# Exercise prompt:
Look below for the line that contains "Kapolres Pamekasan beserta" and the line that contains "a large white", then restate both of them and every line in between, exactly. No picture goes in the copy.

Caption-style text data:
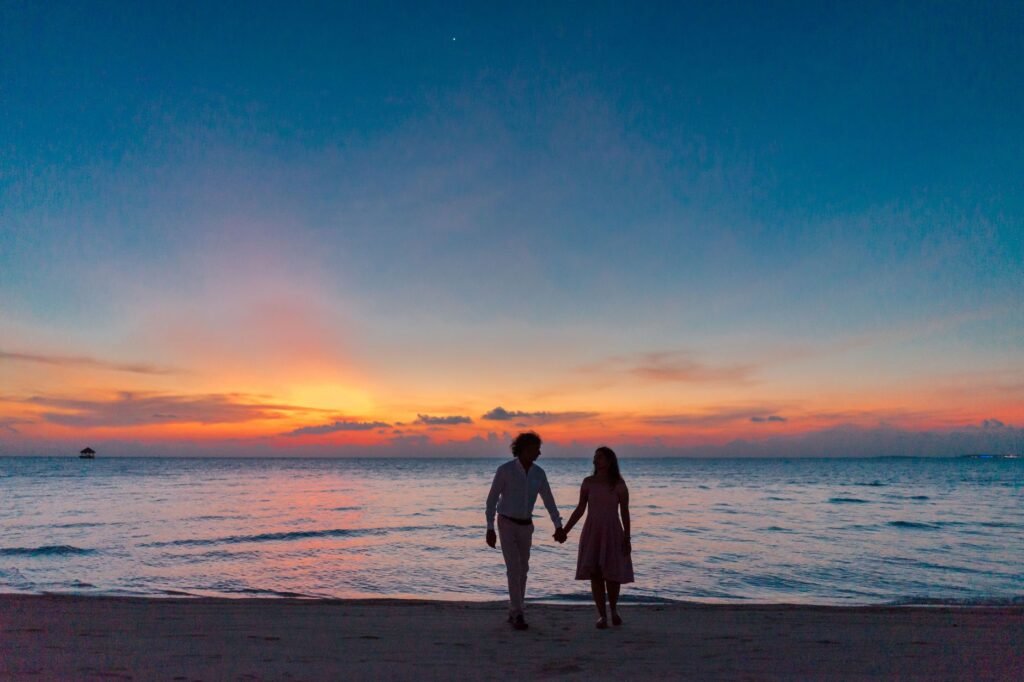 A couple holding hands walking along a beach at sunset, creating a silhouette against a vibrant sky.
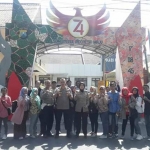 Kapolres Pamekasan beserta jajaran sedang foto di depan gapura Mapolres.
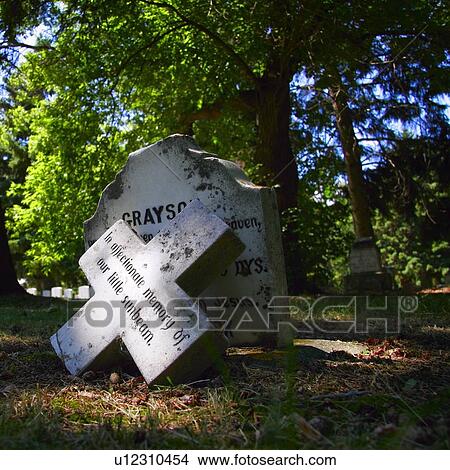 A grave in the sunlight. View Large Photo Image Picture - A grave in the sunlight.. Fotosearch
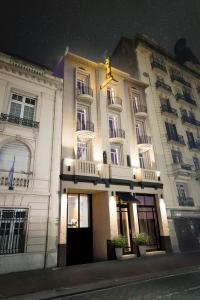 a large white building at night with lights on it at Up Central Córdoba in Buenos Aires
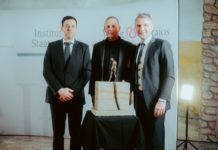 Erik Lehnert, Götz Kubitschek und Björn Höcke mit dem von einem Steinmetz angefertigten Werkstück zum Jubiläum, eines an den Händen geketteten Mannes, der den Riß  überschreitet.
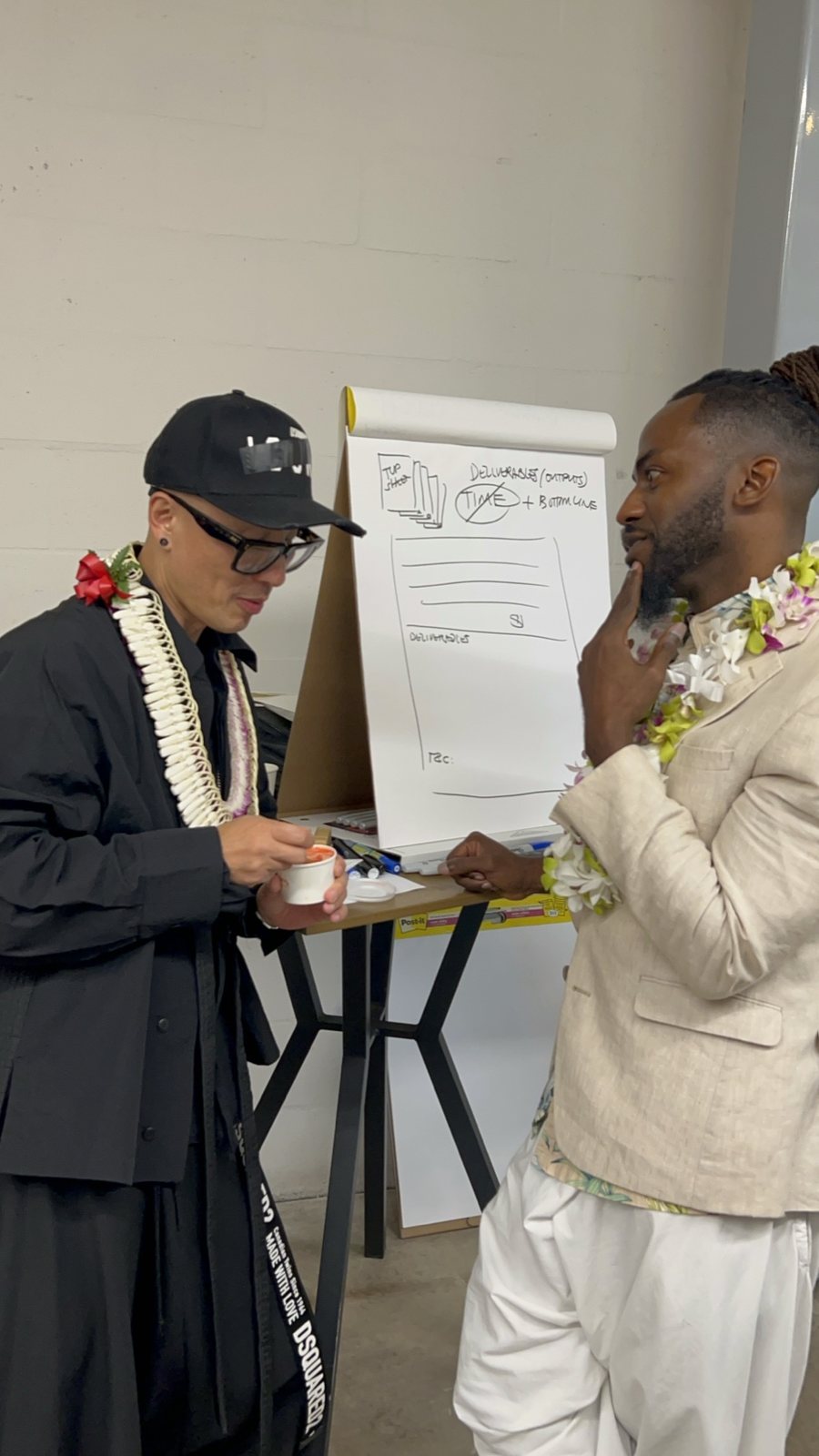 Chris Do beside a flip chart with a guest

# Task response:
 Kapolres Pamekasan beserta jajaran sedang foto di depan gapura Mapolres.
 A grave in the sunlight. View Large Photo Image Picture - A grave in the sunlight.. Fotosearch
 a large white building at night with lights on it at Up Central Córdoba in Buenos Aires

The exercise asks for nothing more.